▶ [Task to carry out]
Repeat the following entries verbatim, apart from the pictures.

▶ [Records provided]
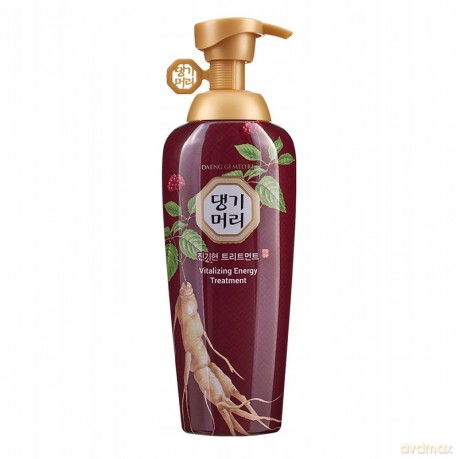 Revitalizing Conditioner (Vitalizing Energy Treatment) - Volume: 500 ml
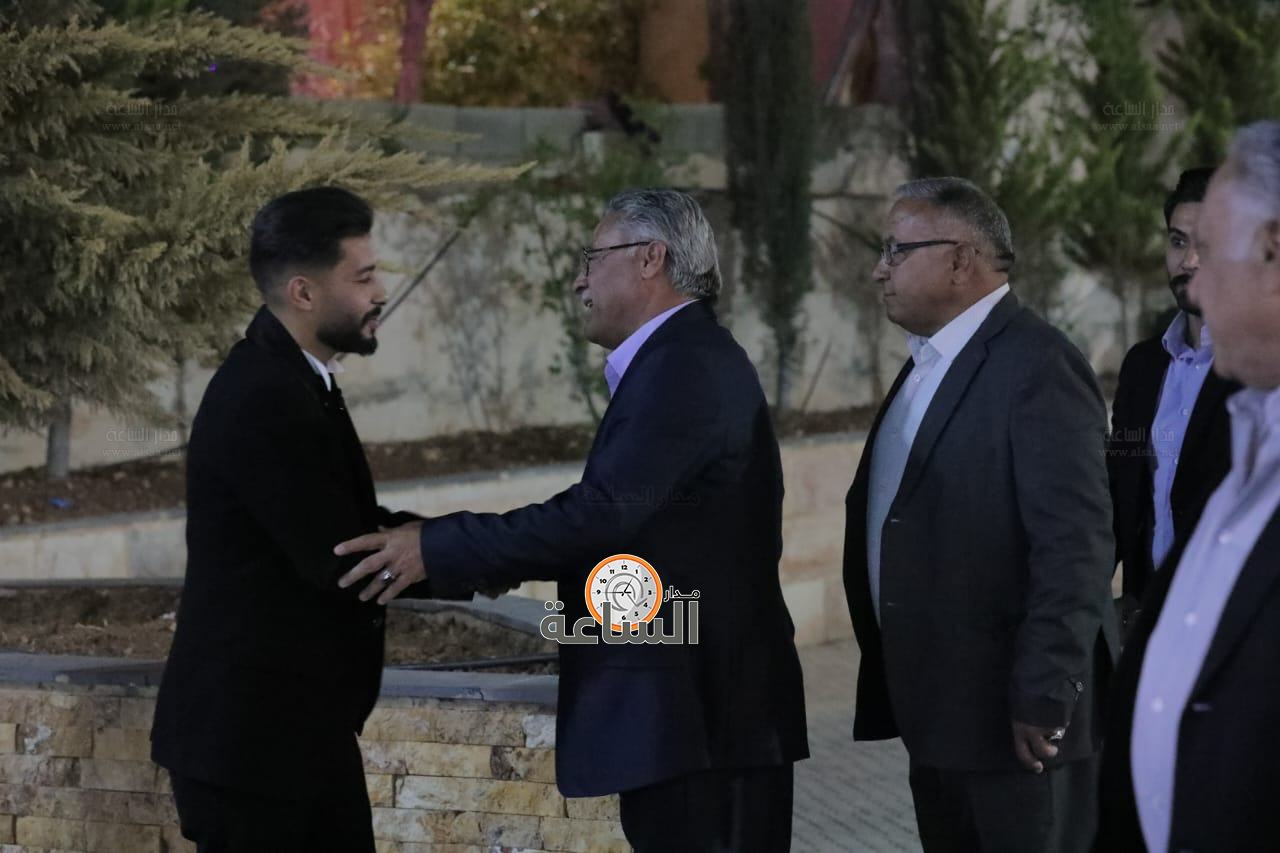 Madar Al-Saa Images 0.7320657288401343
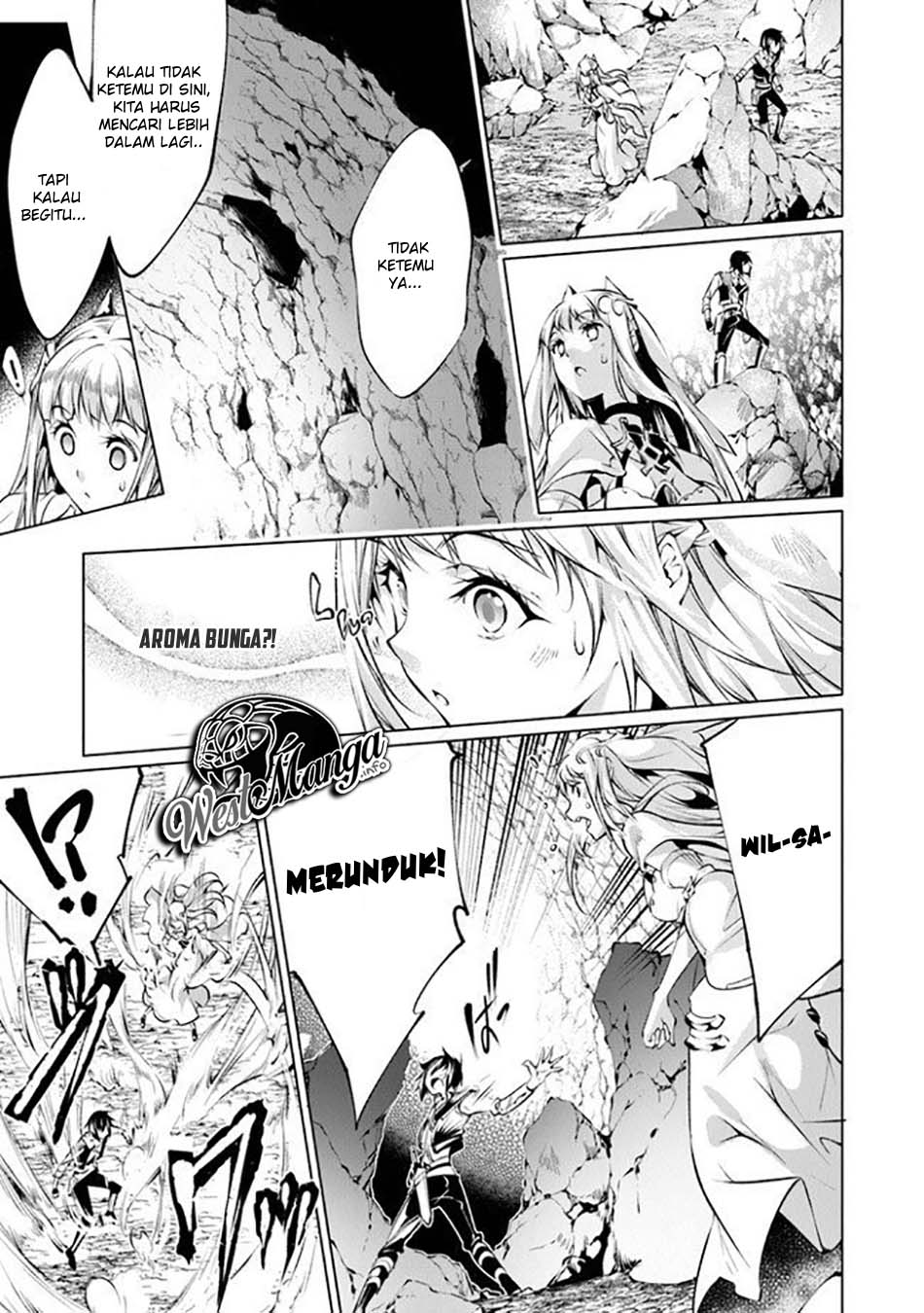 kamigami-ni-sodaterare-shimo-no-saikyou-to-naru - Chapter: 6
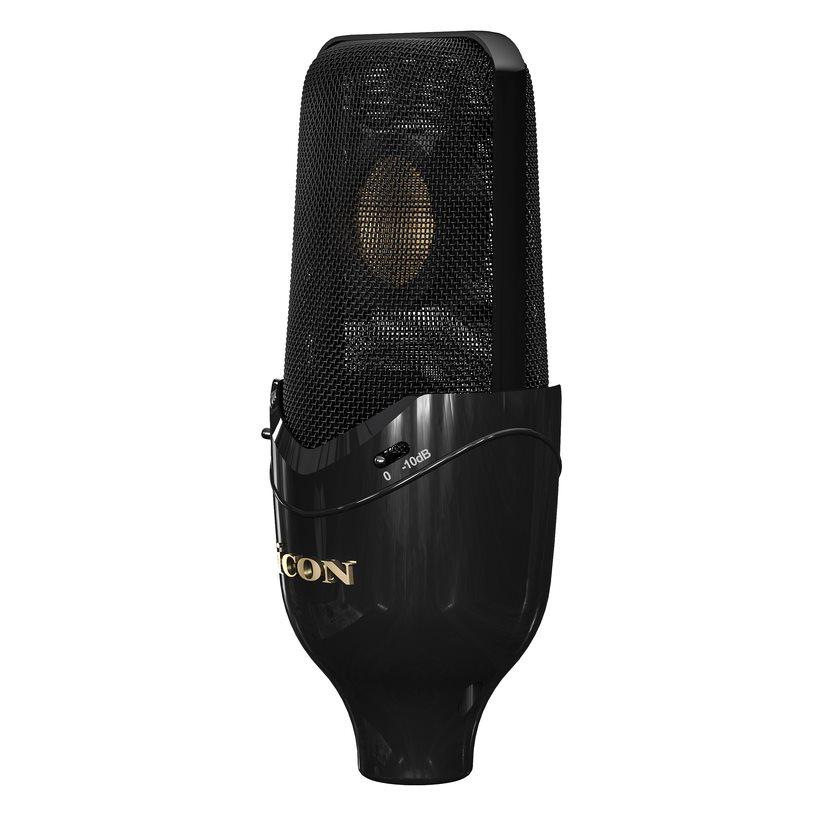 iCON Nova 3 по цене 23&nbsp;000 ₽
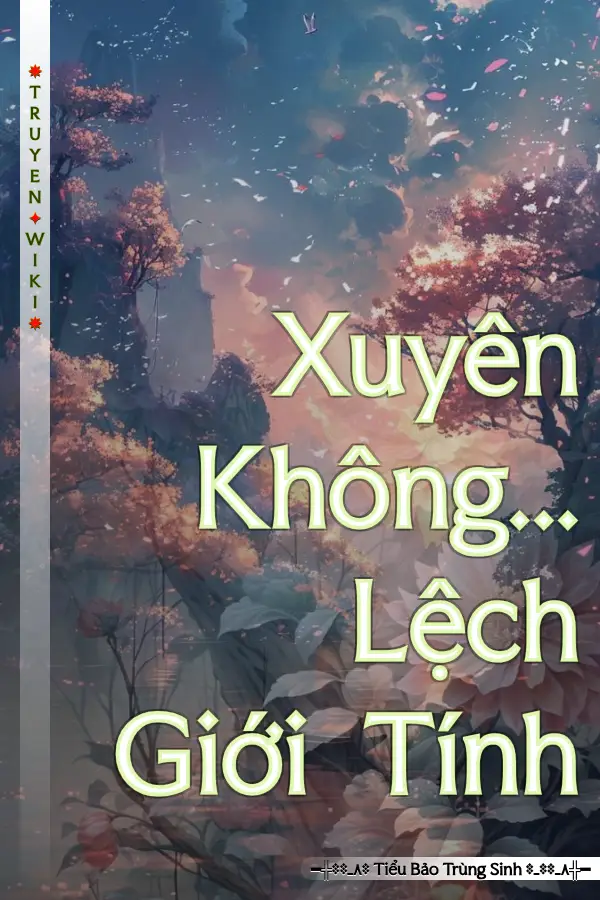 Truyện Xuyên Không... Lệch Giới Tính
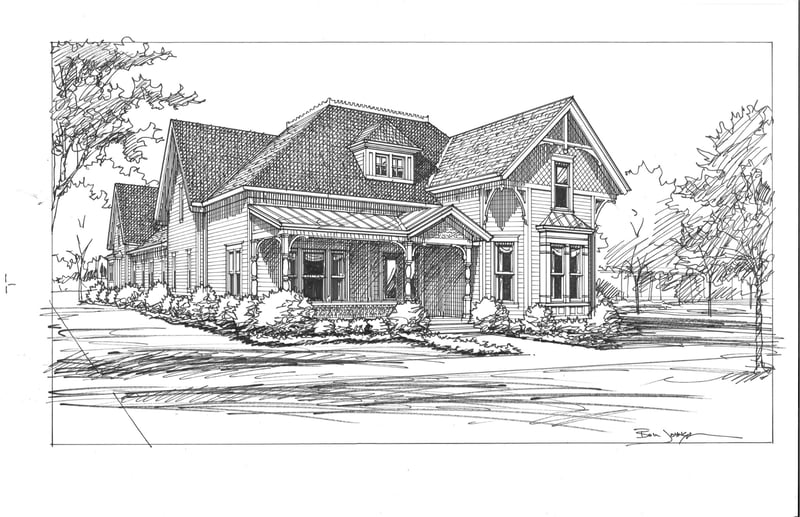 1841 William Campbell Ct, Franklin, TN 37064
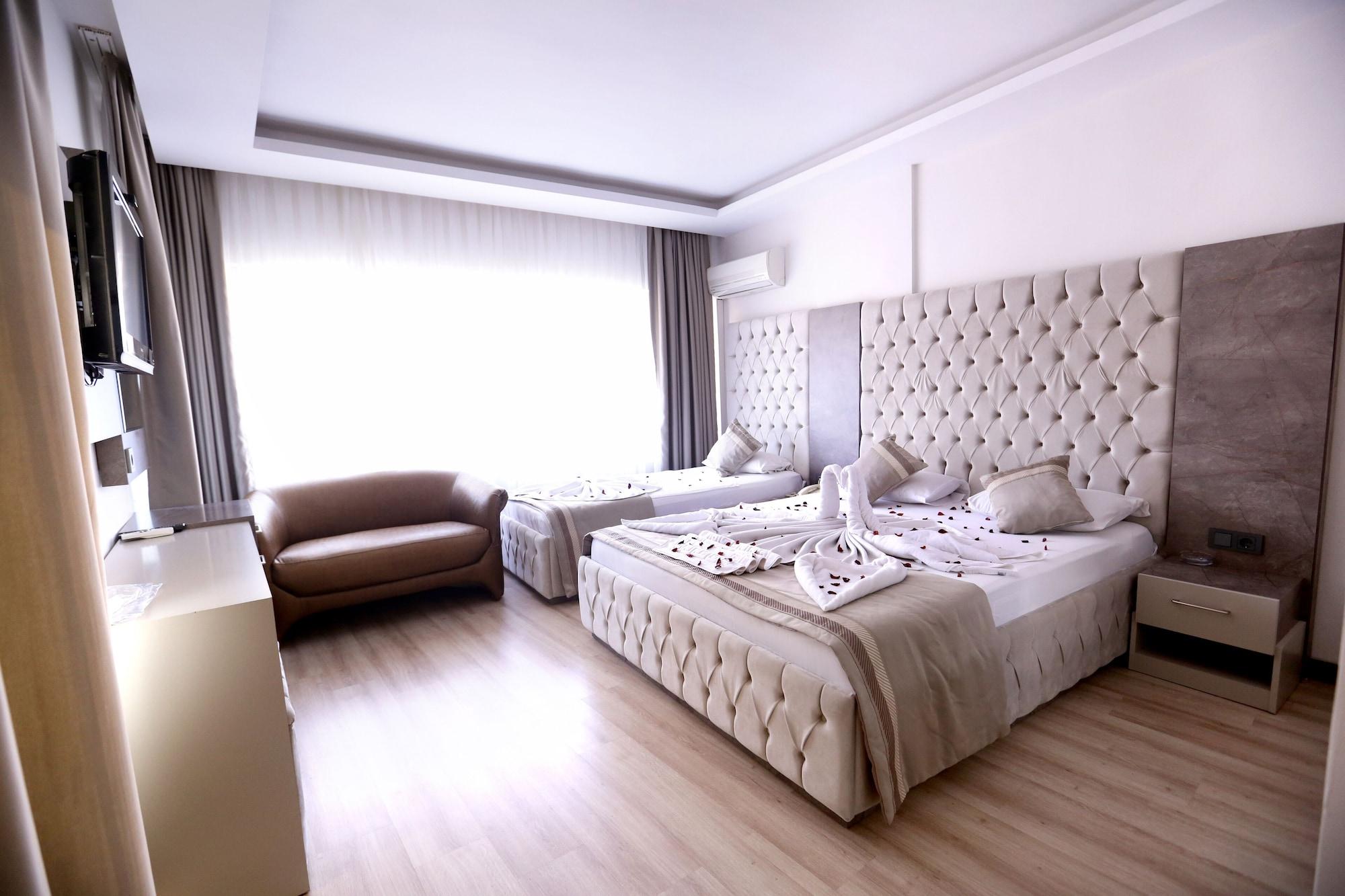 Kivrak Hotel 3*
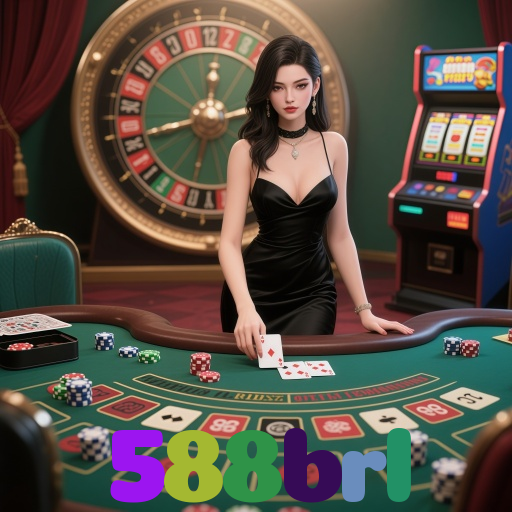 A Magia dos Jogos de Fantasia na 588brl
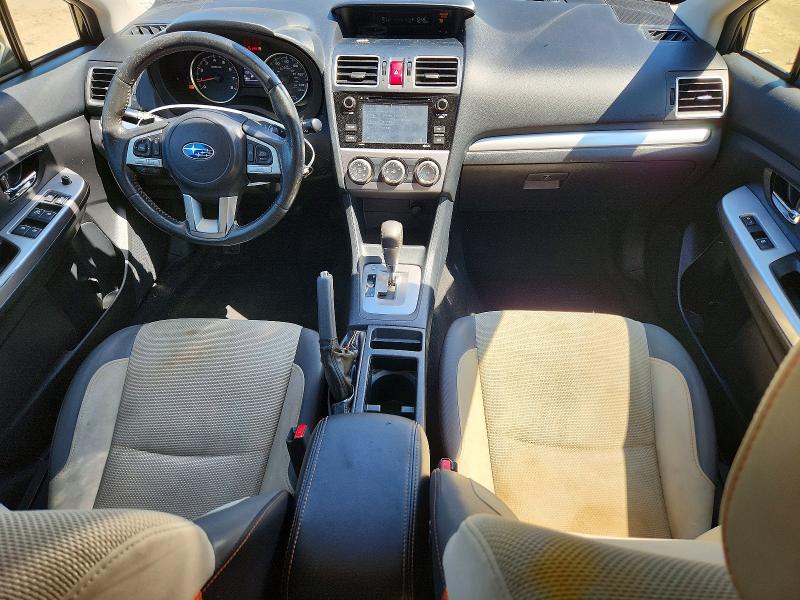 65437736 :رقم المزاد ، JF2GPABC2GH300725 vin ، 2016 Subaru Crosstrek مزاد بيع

▶ [Final answer]
 Revitalizing Conditioner (Vitalizing Energy Treatment) - Volume: 500 ml
 Madar Al-Saa Images 0.7320657288401343
 kamigami-ni-sodaterare-shimo-no-saikyou-to-naru - Chapter: 6
 iCON Nova 3 по цене 23&nbsp;000 ₽
 Truyện Xuyên Không... Lệch Giới Tính
 1841 William Campbell Ct, Franklin, TN 37064
 Kivrak Hotel 3*
 A Magia dos Jogos de Fantasia na 588brl
 65437736 :رقم المزاد ، JF2GPABC2GH300725 vin ، 2016 Subaru Crosstrek مزاد بيع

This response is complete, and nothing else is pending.